Steps for converting non-standard equation of parabola to standard equation of parabolas are as follows:
In the first step we shift variable term having square on one side and rest of term on other side of the equation.
 $ \Rightarrow y + 4 = {x^2} + 3x $
Now, using the completing square method to write quadratic as a perfect square.
\[
  y + 4 = {x^2} + 3x + {\left( {\dfrac{3}{2}} \right)^2} - {\left( {\dfrac{3}{2}} \right)^2} \\
   \Rightarrow y + 4 + {\left( {\dfrac{3}{2}} \right)^2} = {x^2} + 3x + {\left( {\dfrac{3}{2}} \right)^2} \\
   \Rightarrow y + 4 + \dfrac{9}{4} = {\left( {x + \dfrac{3}{2}} \right)^2} \\
   \Rightarrow y + \dfrac{{25}}{4} = {\left( {x + \dfrac{3}{2}} \right)^2} \\
 \]
Or
 $ {\left( {x + \dfrac{3}{2}} \right)^2} = \left( {y + \dfrac{{25}}{4}} \right) $
Taking $ x + \dfrac{3}{2} = X\,\,\,and\,\,\,y + \dfrac{{25}}{4} = Y $ . Above equation becomes.
 $ {X^2} = Y $
Which is a standard equation of a parabola.
On comparing it with $ {X^2} = 4aY $ we have $ a = \dfrac{1}{4} $ and parabola is upward parabolas with vertex is at $ \left( { - \dfrac{3}{2}, - \dfrac{{25}}{4}} \right) $ .
Plotting parabola with vertex $ \left( { - \dfrac{3}{2}, - \dfrac{{25}}{4}} \right) $ on x y plane as shown below:

From above graph different zeros of parabolas are:
 $ A(0, - 4),\,\,B(1,0),\,\,C( - 4,0)\,\,and\,\,D( - 3, - 4) $ .
To verify zeroes obtained above. We substitute in the given equation $ y = {x^2} + 3x - 4 $ . Which is as follows:
For $ A(0, - 4) $
 $
   - 4 = {(0)^2} - 3(0) - 4 \\
   \Rightarrow - 4 = - 4 \;
  $
For, $ (1,0) $
 $
  0 = {(1)^2} + 3(1) - 4 \\
   \Rightarrow 0 = 1 + 3 - 4 \\
   \Rightarrow 0 = 0 \;
  $
For, $ ( - 4,0) $
 $
  0 = {( - 4)^2} + 3( - 4) - 4 \\
   \Rightarrow 0 = 16 - 12 - 4 \\
   \Rightarrow 0 = 16 - 16 \\
   \Rightarrow 0 = 0 \;
  $
And For, $ ( - 3, - 4) $
 $
   - 4 = {( - 3)^2} + 3( - 3) - 4 \\
   \Rightarrow - 4 = 9 - 9 - 4 \\
   \Rightarrow - 4 = - 4 \;
  $
Hence, from above we see that all points obtained from the graph also satisfy the equation.
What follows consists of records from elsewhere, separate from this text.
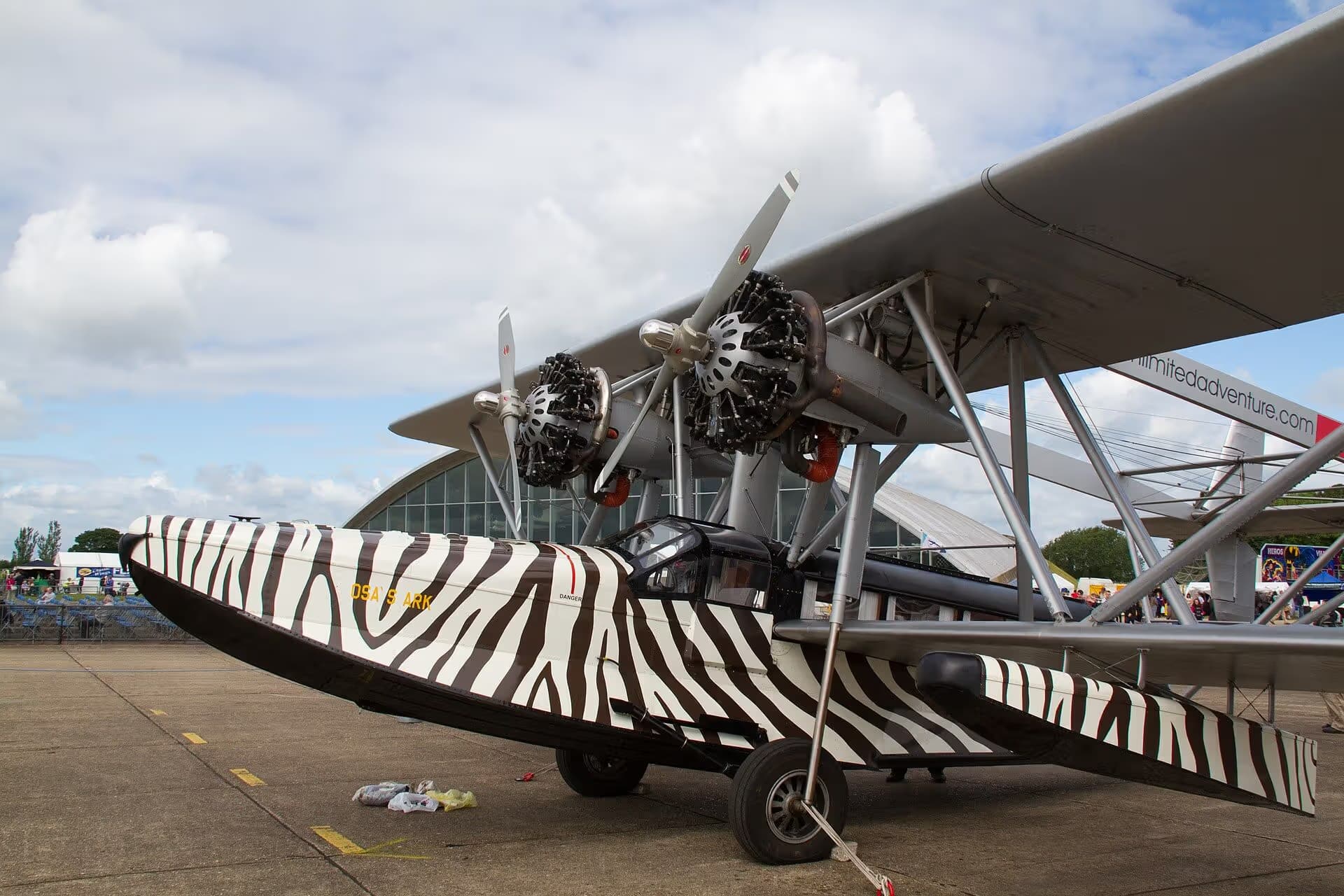 Unidentified — Twin-engine aircraft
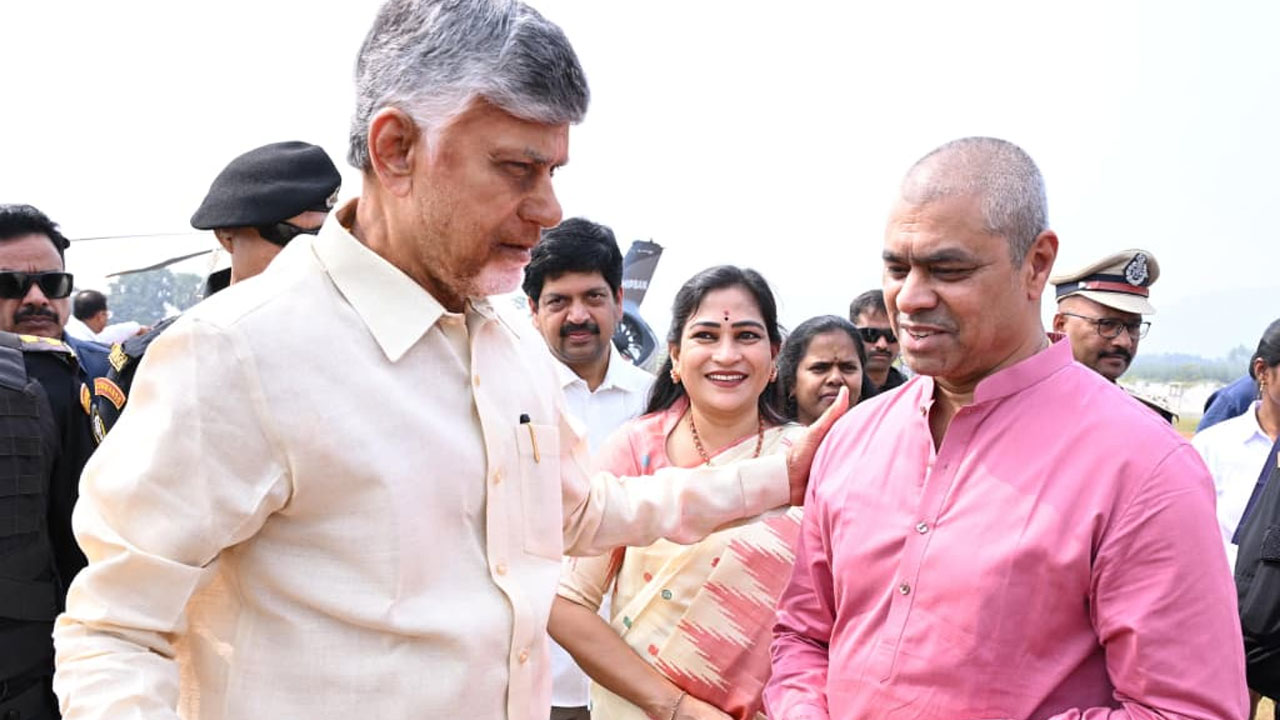 CM Chandrababu: అనకాపల్లికి సీఎం చంద్రబాబు.. మంత్రులు, నేతల ఘన స్వాగతం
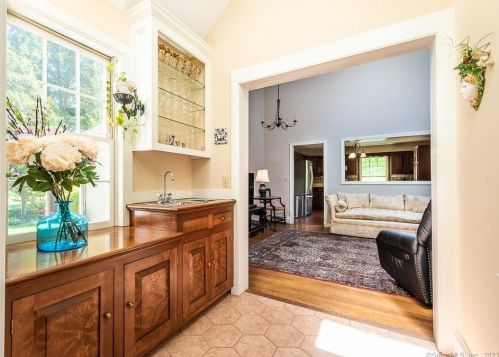 13 Dennison Rd, Essex CT  06426-1352 exterior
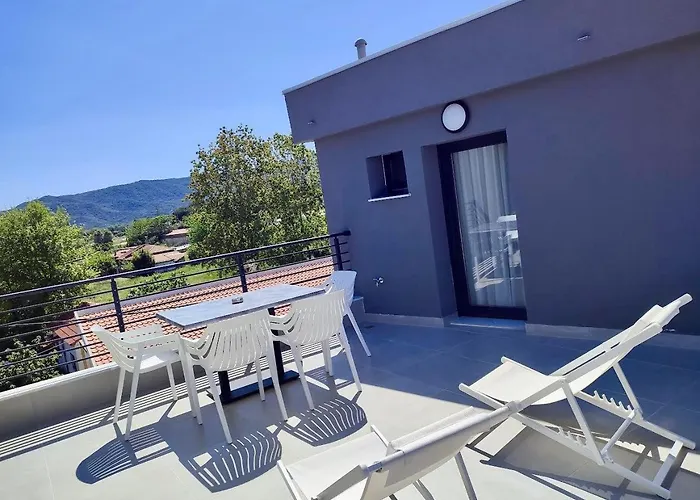 Aparthotel Four Shades Luxury Sarti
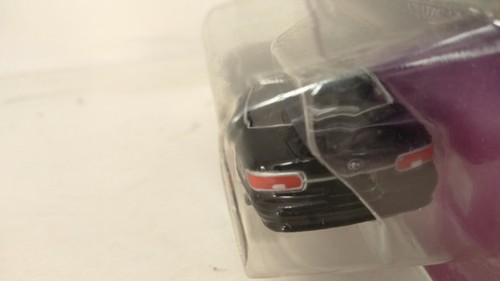 Johnny Lightning 2000 LE "Classic Gold Collection" 1997 Chevy Impala SS - Picture 5 of 8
Hence, they all are zeros of the parabola.

Note: Graph of any curve can also be drawn by letting value of either variable and then getting value of other variable by substituting value in given equation and after that plotting all different points on x y plane and then joining all points to have graph of given equation. Also all those points taken are known as zeroes of the curve.